(Captioned web image data)
• • • •

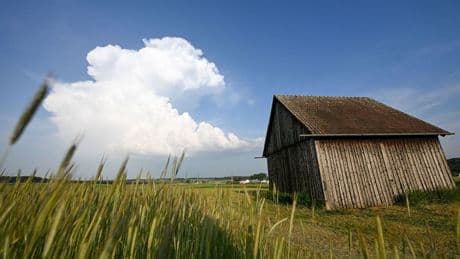 Sonne kommt zurück: Die Sonne kommt zurück: Kleiner Sommer im Anmarsch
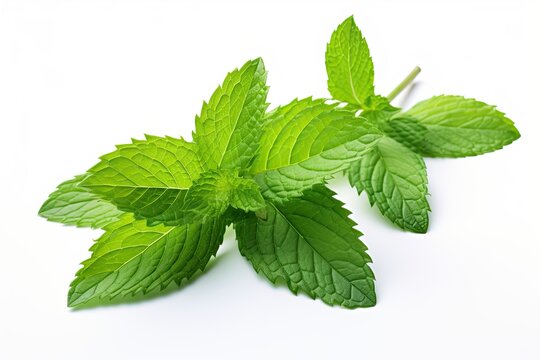 fresh mints leaf isolated on white background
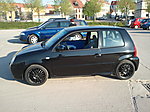 Lupo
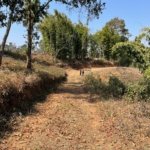 WhatsApp Image 2025 02 18 at 2.56.27 PM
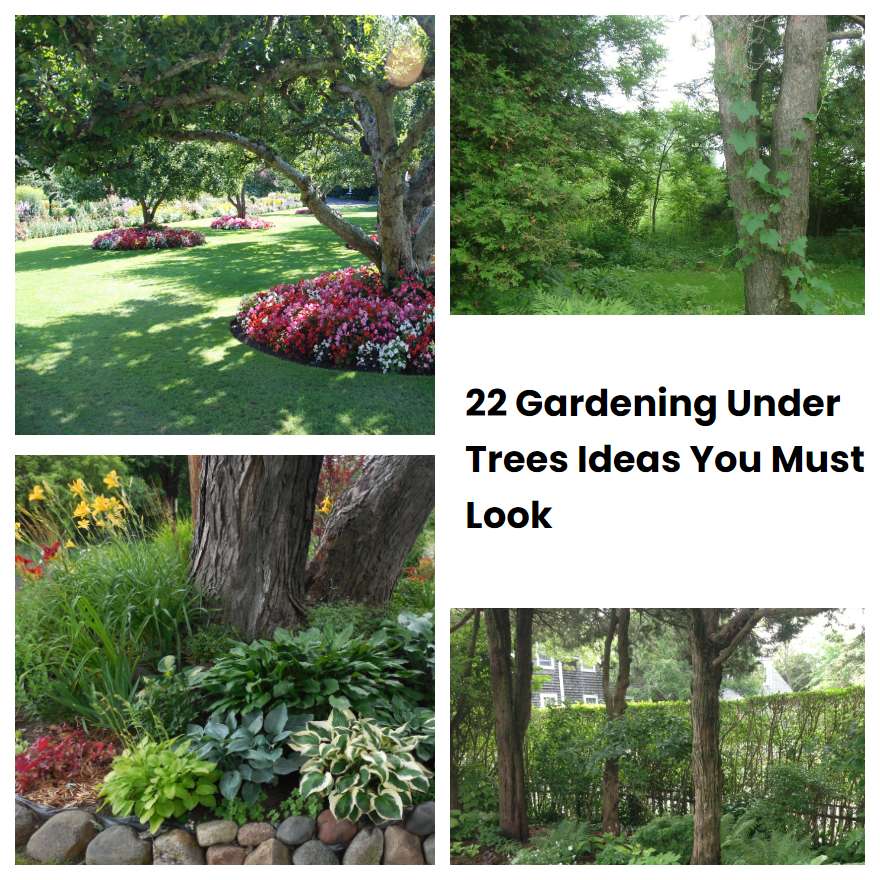 22 Gardening Under Trees Ideas You Must Look SharonSable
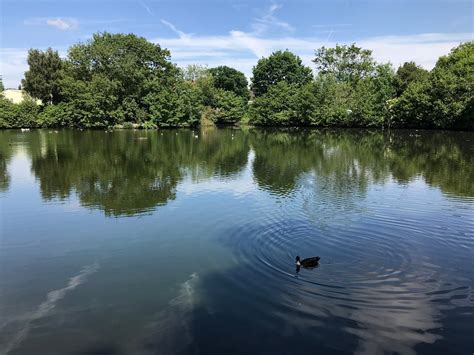 THE 10 BEST Places to Visit in Solihull - UPDATED 2022 (with Photos ...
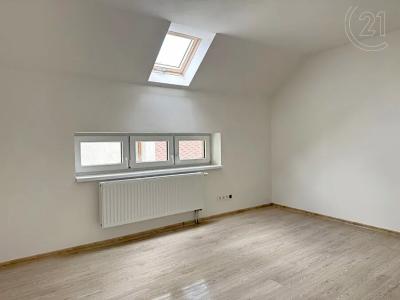 303, Jenišovice, Jablonec Nad Nisou 46833, צ'כיה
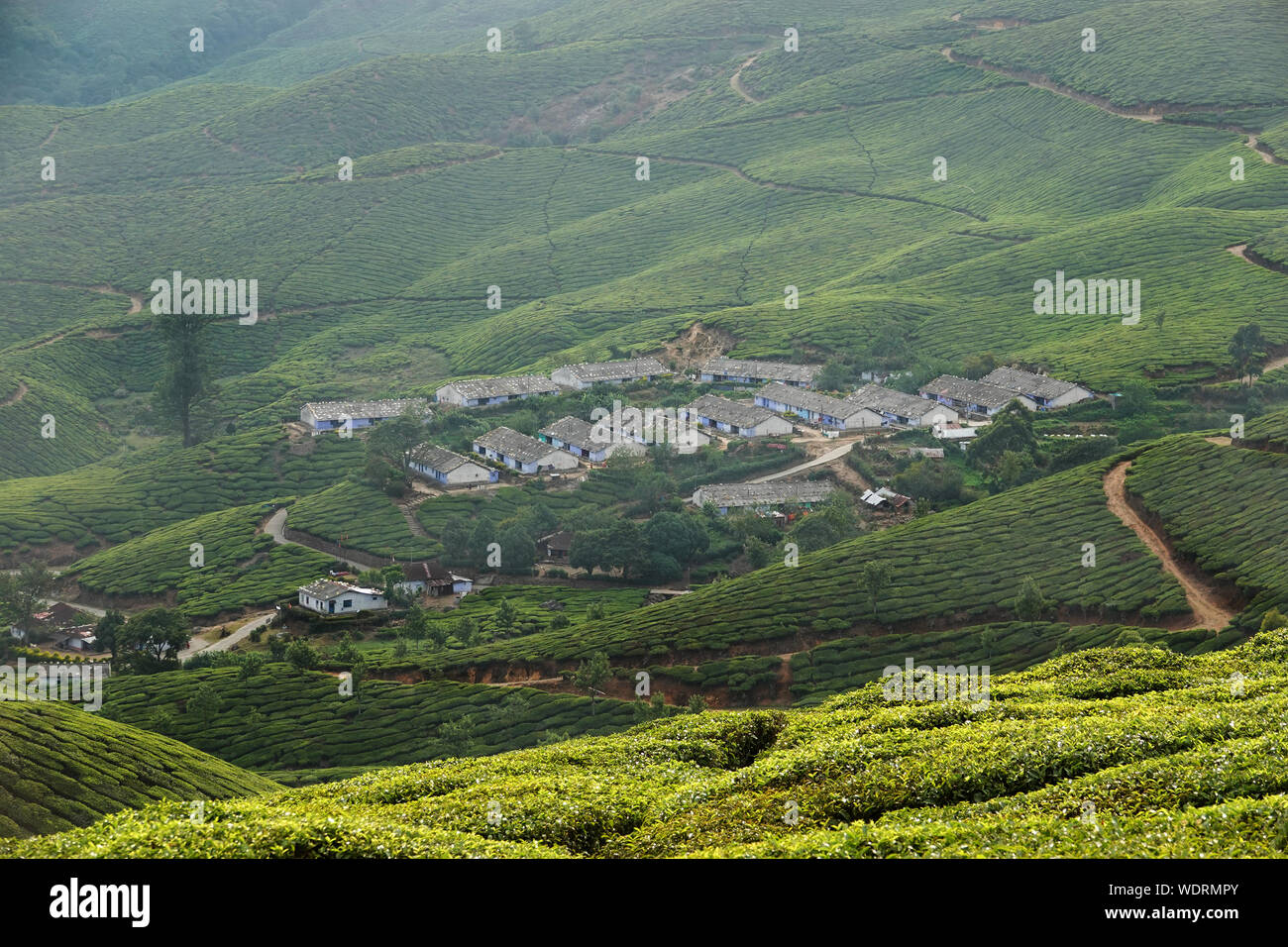 Green tea plantation hills with blue sky on background in Munnar
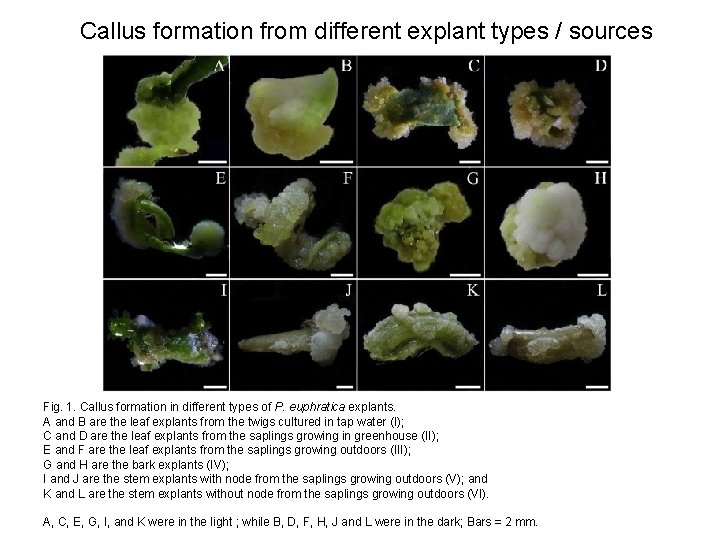 Callus formation from different explant types / sources Fig. 1. Callus formation in different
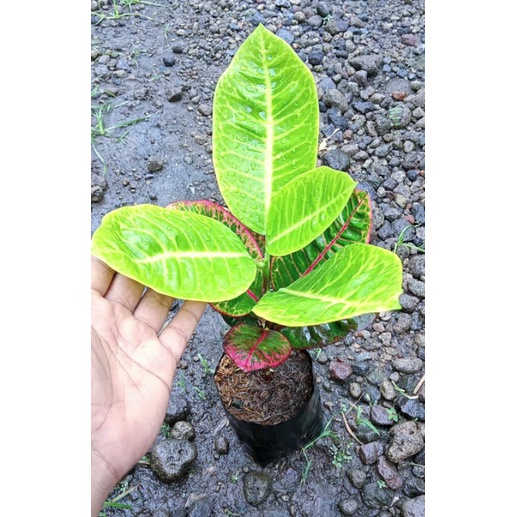 Tanaman Hias Puring Black Moonlight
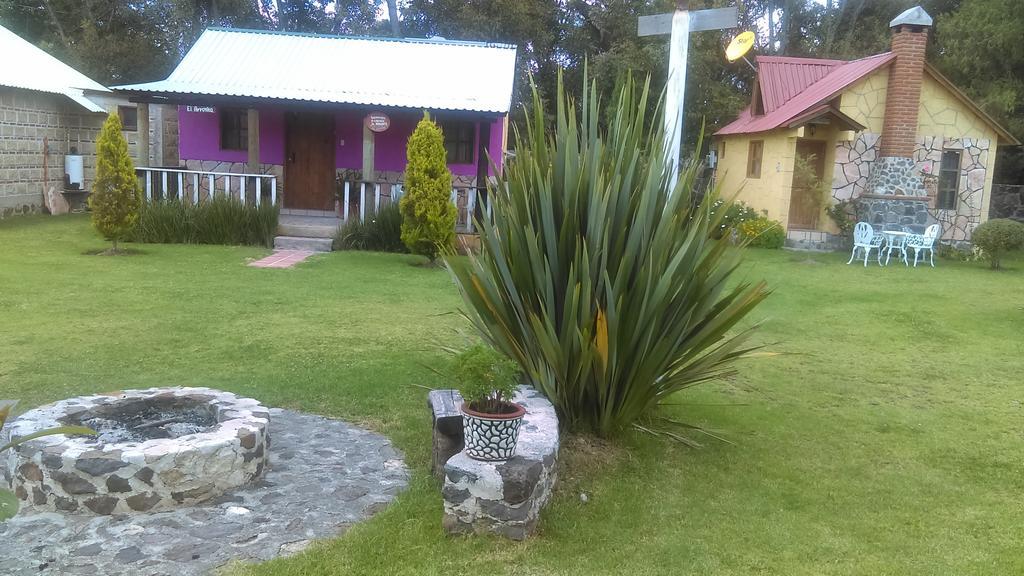 Cabanas Cumbres De Aguacatitla Villa Huasca de Ocampo Eksteriør bilde
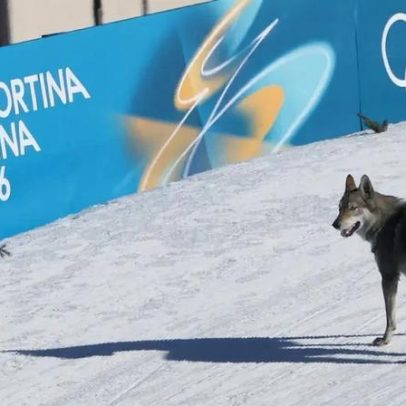 Cão invade pista e cruza chegada antes de brasileira nas Olimpíadas de Inverno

• • • •

Exercise details
Your answer should consist of the lines above between those holding "WhatsApp Image 2025 02 18 at 2.56.27 PM" and "Callus formation from", inclusive, reproduced word for word and without pictures.

Exercise solution
 WhatsApp Image 2025 02 18 at 2.56.27 PM
 22 Gardening Under Trees Ideas You Must Look SharonSable
 THE 10 BEST Places to Visit in Solihull - UPDATED 2022 (with Photos ...
 303, Jenišovice, Jablonec Nad Nisou 46833, צ'כיה
 Green tea plantation hills with blue sky on background in Munnar
 Callus formation from different explant types / sources Fig. 1. Callus formation in different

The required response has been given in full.